To help struggling homeowners the last government introduced Support for Mortgage Interest (SMI). It was meant to help people on low incomes pay off mortgage interest, so they wouldn’t have their homes repossessed, it was never intended to pay off any of the actual capital. To qualify for SMI you have to be on certain benefits like income support, job-seeker’s allowance or pension credit. Everyone gets the same support, regardless of which mortgage they’ve got.
This is how it’s worked out. The last government calculated a general mortgage interest rate for the benefit based on the Bank of England base rate plus 1%. This was fixed when the base rate was high which explains why it’s currently 6.08%. This is used to calculate a monthly payment from the government which covers up to 100% of your monthly mortgage interest bill. The base rate’s plummeted since then to 0.5% so now many mortgage rates will be a lot lower too.

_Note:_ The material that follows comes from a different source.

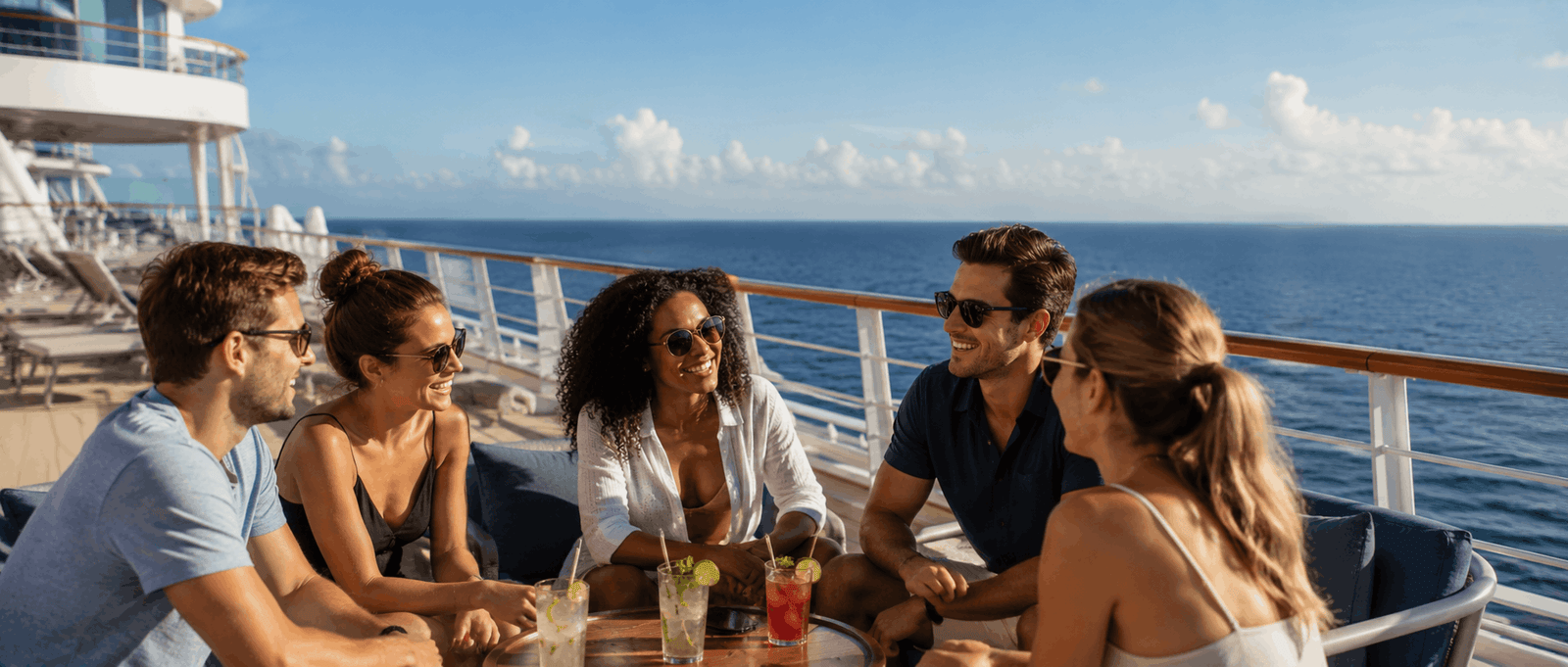 Cruise Group Chat Meet People on a Cruise Before You Sail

If the payment is more than your interest payment then the extra money is credited to your mortgage i.e. it pays off some of the capital – which remember, wasn’t the intention. If it’s not enough, homeowners have to stump up the shortfall.
The Department for Work and Pensions (DWP) says it’s unfair that some people are getting more money than they need, and that there’s no reason it should pay inflated interest rates that don’t reflect the reality of the market.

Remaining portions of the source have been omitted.